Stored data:
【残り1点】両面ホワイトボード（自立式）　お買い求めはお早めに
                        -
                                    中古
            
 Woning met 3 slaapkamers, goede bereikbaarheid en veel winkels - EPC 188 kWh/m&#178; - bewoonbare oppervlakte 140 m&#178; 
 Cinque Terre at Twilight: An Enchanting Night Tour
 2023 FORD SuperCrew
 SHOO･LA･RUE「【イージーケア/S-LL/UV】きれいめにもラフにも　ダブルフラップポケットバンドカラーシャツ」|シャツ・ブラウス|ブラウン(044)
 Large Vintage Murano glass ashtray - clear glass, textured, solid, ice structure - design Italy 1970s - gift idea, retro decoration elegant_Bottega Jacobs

Action item: Put down all the data once more, exactly as it appears above.

Answer section:
【残り1点】両面ホワイトボード（自立式）　お買い求めはお早めに
                        -
                                    中古
            
 Woning met 3 slaapkamers, goede bereikbaarheid en veel winkels - EPC 188 kWh/m&#178; - bewoonbare oppervlakte 140 m&#178; 
 Cinque Terre at Twilight: An Enchanting Night Tour
 2023 FORD SuperCrew
 SHOO･LA･RUE「【イージーケア/S-LL/UV】きれいめにもラフにも　ダブルフラップポケットバンドカラーシャツ」|シャツ・ブラウス|ブラウン(044)
 Large Vintage Murano glass ashtray - clear glass, textured, solid, ice structure - design Italy 1970s - gift idea, retro decoration elegant_Bottega Jacobs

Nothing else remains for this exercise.